Emel SUNGUR:Şevket Eygi'ye yanıt
Kendimizi kandırıp bütün her şeyİ ÖZGÜRLÜK olarak algılayalım. Algılayalım da asıl zihniyeti ortaya koyan bu altta sıralanmış incileri ne yapalım, özgürlüklerimizin kadın özgürlüğünün hangi bölümüne koyalım. Milli Gazete yazarı Mehmet Şevket Eygi
Eygi “erkeklerle kadınların tokalaşmasının günah” diyor.
O zaman ben bu inancın içinde zaten yokum. ( Emel Sungur)
Şevket Eygi'ye yanıt
“ Amalar ve ancaklar”’la geçen ömrümüze her gün yeni bir şey ekleniyor.
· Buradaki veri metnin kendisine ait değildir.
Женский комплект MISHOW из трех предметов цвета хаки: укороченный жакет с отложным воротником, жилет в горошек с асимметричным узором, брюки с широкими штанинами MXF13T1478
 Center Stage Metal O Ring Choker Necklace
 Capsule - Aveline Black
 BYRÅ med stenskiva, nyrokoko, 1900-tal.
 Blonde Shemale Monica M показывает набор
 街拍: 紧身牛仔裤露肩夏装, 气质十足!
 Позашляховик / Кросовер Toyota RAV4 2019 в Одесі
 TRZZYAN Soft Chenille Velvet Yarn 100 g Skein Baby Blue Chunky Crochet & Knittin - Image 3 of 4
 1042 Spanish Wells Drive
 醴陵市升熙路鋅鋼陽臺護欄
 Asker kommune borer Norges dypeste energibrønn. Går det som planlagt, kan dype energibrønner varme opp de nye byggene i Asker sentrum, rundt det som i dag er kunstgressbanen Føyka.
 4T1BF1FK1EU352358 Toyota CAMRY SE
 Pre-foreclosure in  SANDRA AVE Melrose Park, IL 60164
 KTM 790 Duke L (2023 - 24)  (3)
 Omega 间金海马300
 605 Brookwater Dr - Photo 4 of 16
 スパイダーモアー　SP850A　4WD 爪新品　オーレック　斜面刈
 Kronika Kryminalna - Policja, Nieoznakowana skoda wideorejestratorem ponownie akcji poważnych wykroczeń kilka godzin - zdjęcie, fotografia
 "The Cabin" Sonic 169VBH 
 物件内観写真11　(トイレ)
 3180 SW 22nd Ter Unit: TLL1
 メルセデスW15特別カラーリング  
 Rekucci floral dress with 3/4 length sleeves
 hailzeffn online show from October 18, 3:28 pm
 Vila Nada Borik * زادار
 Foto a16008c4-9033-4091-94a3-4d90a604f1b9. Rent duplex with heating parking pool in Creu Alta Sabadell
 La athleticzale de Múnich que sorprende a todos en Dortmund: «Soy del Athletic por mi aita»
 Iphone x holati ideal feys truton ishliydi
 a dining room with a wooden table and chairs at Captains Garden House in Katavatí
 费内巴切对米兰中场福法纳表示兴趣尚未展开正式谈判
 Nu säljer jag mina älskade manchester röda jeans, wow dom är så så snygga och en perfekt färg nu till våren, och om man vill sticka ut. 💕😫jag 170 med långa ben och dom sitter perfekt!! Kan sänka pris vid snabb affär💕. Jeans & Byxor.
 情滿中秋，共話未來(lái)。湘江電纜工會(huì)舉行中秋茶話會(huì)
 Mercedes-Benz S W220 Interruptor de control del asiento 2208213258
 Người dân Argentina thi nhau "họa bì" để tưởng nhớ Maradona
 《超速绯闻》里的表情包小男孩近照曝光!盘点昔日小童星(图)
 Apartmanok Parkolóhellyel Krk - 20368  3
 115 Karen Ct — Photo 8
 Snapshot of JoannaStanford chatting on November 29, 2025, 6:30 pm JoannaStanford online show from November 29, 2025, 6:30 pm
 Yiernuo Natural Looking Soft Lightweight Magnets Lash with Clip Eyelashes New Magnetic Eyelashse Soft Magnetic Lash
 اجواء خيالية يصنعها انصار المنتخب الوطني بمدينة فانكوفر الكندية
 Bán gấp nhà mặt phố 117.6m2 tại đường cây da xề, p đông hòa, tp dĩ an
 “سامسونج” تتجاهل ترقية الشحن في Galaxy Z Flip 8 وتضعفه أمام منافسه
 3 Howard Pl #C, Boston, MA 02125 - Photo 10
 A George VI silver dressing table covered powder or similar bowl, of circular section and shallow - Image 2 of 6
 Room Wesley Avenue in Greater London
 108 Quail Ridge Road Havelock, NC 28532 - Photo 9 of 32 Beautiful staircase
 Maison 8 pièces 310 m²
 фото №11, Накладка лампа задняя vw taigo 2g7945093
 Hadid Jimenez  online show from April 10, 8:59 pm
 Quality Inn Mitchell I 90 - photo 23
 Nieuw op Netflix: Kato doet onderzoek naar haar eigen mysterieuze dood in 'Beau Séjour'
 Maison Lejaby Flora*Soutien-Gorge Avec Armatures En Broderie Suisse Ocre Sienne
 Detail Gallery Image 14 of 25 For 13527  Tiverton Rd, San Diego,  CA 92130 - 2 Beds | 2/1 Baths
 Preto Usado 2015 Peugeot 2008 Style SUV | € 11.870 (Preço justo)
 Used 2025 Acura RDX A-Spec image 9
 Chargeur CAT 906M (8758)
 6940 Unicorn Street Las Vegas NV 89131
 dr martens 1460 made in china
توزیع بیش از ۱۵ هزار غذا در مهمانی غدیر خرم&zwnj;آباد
Bir sürü şey hiç yaşanmamış gibi görmezden gelip geçiştirmemiz dayatılıyor “Kendileri” ne göre bir özgürlük listesi hazırlayanlar tarafından. Bu hazırlanan listede var olanlar sadece bu iktidarın ihtiyaçlarının sıralanması ve tabi ki erkeklerin ihtiyaçlarının.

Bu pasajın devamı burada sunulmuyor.